An initial set of models were also developed and referred to as baseline models. These models were used as a benchmark to compare all other models since the model was generated using only the test run dataset. Raman spectral preprocessing for the baseline models involved truncation of spectral range to emphasize solid-form-indicating regions and mean centering to comply with the PLS algorithm. The baseline models were evaluated using cross-validation. The type of cross-validation used was a venetian blind with 10 splits, and the resulting root mean square error of cross-validation (RMSECV) was used to compare with the RMSEP of the calibration procedure models.
Table 2 shows the calibration procedure model sets and the baseline models, which were compared independently for both salts. The calibration procedure associated with each model set are described in subsequent sections (
Section 2.6.1 and
Section 2.6.2).
2.6.1. Calibration Procedure without Inclusion of Concentration Effect
For the calibration procedure without concentration effect (CP), only one calibration run conducted at a solid concentration different from the test run experiment was used to develop the models (
Table 2). The model development followed the same procedure as the generation of the baseline model. This procedure was used to develop three individual sets of models (model sets 1–3) for each of the two salts. The calibration run condition associated with model sets 1–3 corresponds to solid concentrations of 50 mg/mL, 25 mg/mL, and 12.5 mg/mL, respectively. By changing the calibration run condition for these model sets, the effect of the solid concentration on the prediction performance was investigated. Chemometric models with partial least squares (PLS) were developed to deconvolute the spectra and reduce the effect of solid concentration. Spectral preprocessing included mean centering to comply with the PLS algorithm. The number of latent variables used for each model was individually optimized based on the minimization of (RMSEP).

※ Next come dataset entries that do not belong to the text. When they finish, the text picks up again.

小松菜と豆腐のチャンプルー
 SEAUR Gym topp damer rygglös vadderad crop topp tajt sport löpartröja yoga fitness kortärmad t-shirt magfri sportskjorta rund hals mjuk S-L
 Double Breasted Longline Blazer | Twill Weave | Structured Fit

2.6.2. Calibration Procedure with Inclusion of Concentration Effect
The calibration procedure with concentration (CP
Conc) utilized spectroscopic data from multiple solid concentrations to create one model set for each salt as opposed to creating multiple model sets for each solid concentration (
Table 2). The advantage of combining the run conditions for calibration was that the solid concentration was incorporated in model development as opposed to solely relying on chemometric techniques to reduce the concentration effect. Spectral preprocessing used for the maleate salt experiments with this procedure was mean centering, while for the HCl salt experiments were SNV and autoscaling. The selection of preprocessing and the number of latent variables were based on the minimization of RMSEP.
3. Results and Discussion
3.1. Effect of Solid Form, Solid Concentration, and Type of Salt on Raman Spectra
The pure-form Raman spectrum for each solid form was collected for comparison and shown in
Figure 2.
Figure 2a shows the full spectra, in which, beyond the Raman shift of approximately 1800 cm
−1, there was mostly baseline and noise with limited presence of sample-specific Raman peaks. Once the Raman spectra were appropriately truncated, spectral peaks associated with each solid form were able to be compared. However, fingerprint Raman peaks from each solid form were highly overlapping, presenting a challenge for quantitative modeling.
Figure 3 zooms in on Raman spectral peaks from four solid concentrations at the end of the disproportionation for both HCl and maleate salts. For the HCl salt, the spectral changes associated with solid concentrations were observed to be peak intensity offsets. The maleate salt, in addition, showed peak shifts corresponding to solid concentration variation. These effects could be explained by considering an expanded Beer-Lambert law where the Raman intensity is defined as a linear combination of each polymorph, the solute, and the solvent [
23]. In a suspension system, particle size and solid concentration are multiplicative parameters in the expanded Beer-Lambert law and may potentially cause peak intensity height variations. Note that the increases in peak intensities were not completely rank-ordered with solid concentrations for both the salt systems. This phenomenon, in addition to the apparent peak shifts present in maleate salt, could be attributed to confounding interferences from solute/solvent concentration, fluorescence, and/or interactions amongst the variables, e.g., polymorph ratio and salt concentration.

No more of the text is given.